The second structure involves the sale of assets (e.g., the shares and debt of the underlying corporation) by the fund for cash, the redemption of fund units and the windup of the fund. The second structure is the “out from under” asset purchase structure discussed above but implemented after the takeover bid. This transaction generally requires unitholder approval by way of a 66.7% vote, but the bidder would be in a position to carry such a vote if its bid is successful and includes a 66.7% minimum tender condition.
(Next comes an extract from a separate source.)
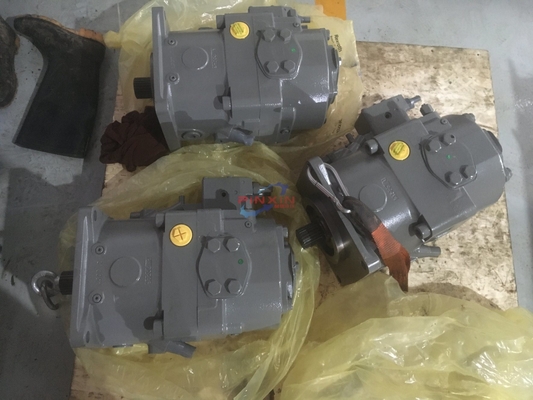 Structure pompe à plongeur radiale A11vlo190le2s pompe hydraulique pour pièces de rechange hydrauliques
Several unique aspects of the subsequent acquisition transaction in the income fund context are worth noting. First, many declarations of trust contain provisions that permit unitholder approval to be obtained by way of a resolution signed by 66.7% of unitholders — that is, without a unitholder meeting. Second, the letter of transmittal that goes to the unitholders can provide the bidder with a power of attorney that permits the bidder to sign the resolution that would approve the subsequent acquisition transaction. The letter of transmittal’s power of attorney can also permit the bidder to acquire the units when notice is provided to unitholders (notwithstanding that payment is not made until later). All of this means that if more than 66.7% of unitholders tender to a bid, a bidder will be in a position to effect its subsequent acquisition transaction almost immediately after takeup.
Developments to date and outlook
To date, only a few large transactions have been completed, involving REITs as well as the acquisition of UE Waterheater Income Fund by Alinda Capital Partners in April 2007. Most recent transactions have involved small- to mid-cap funds, with acquirors being both financial and strategic buyers. While a significant majority of transactions have been friendly, a few hostile transactions have taken place as well. As more deals are completed, market norms will continue to develop and more standard documentation will result. On the whole, this should result in fewer obstacles and a reduction in execution risk. The Canadian government’s change in tax policy, together with the rise of troubled trusts, is almost certain to result in increased M&A activity for income funds in coming years.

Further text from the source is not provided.